» Your task: Starting at the first line of the data below, write out each line exactly until you reach the line containing "店内环境-巴黎三城(百联南方购物中心店)", and include that line too.

── Available records ──

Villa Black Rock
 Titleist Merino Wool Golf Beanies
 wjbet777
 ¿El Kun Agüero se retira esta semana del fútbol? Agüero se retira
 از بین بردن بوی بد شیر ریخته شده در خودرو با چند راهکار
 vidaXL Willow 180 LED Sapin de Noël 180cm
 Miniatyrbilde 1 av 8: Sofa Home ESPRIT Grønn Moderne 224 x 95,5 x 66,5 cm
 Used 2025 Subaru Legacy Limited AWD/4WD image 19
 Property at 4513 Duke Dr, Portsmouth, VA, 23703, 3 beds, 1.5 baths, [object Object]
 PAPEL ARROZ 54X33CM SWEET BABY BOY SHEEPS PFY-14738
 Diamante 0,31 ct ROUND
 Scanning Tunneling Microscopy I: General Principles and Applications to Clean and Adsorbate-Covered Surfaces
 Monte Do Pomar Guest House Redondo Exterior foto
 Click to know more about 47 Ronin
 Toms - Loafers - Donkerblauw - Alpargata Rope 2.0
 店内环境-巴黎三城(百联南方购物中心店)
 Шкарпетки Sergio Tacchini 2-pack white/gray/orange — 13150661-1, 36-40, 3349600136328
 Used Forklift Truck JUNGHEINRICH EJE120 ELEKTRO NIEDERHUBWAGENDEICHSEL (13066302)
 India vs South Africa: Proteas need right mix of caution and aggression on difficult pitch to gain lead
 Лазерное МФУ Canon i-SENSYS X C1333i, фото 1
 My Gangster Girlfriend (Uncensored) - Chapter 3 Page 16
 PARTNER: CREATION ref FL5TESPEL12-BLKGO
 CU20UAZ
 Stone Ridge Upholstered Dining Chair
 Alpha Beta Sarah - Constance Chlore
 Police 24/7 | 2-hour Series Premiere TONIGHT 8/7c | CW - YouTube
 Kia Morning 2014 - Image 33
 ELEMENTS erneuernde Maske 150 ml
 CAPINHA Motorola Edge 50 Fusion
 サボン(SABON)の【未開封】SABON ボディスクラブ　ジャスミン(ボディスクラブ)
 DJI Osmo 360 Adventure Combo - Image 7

───

» Final answer:
Villa Black Rock
 Titleist Merino Wool Golf Beanies
 wjbet777
 ¿El Kun Agüero se retira esta semana del fútbol? Agüero se retira
 از بین بردن بوی بد شیر ریخته شده در خودرو با چند راهکار
 vidaXL Willow 180 LED Sapin de Noël 180cm
 Miniatyrbilde 1 av 8: Sofa Home ESPRIT Grønn Moderne 224 x 95,5 x 66,5 cm
 Used 2025 Subaru Legacy Limited AWD/4WD image 19
 Property at 4513 Duke Dr, Portsmouth, VA, 23703, 3 beds, 1.5 baths, [object Object]
 PAPEL ARROZ 54X33CM SWEET BABY BOY SHEEPS PFY-14738
 Diamante 0,31 ct ROUND
 Scanning Tunneling Microscopy I: General Principles and Applications to Clean and Adsorbate-Covered Surfaces
 Monte Do Pomar Guest House Redondo Exterior foto
 Click to know more about 47 Ronin
 Toms - Loafers - Donkerblauw - Alpargata Rope 2.0
 店内环境-巴黎三城(百联南方购物中心店)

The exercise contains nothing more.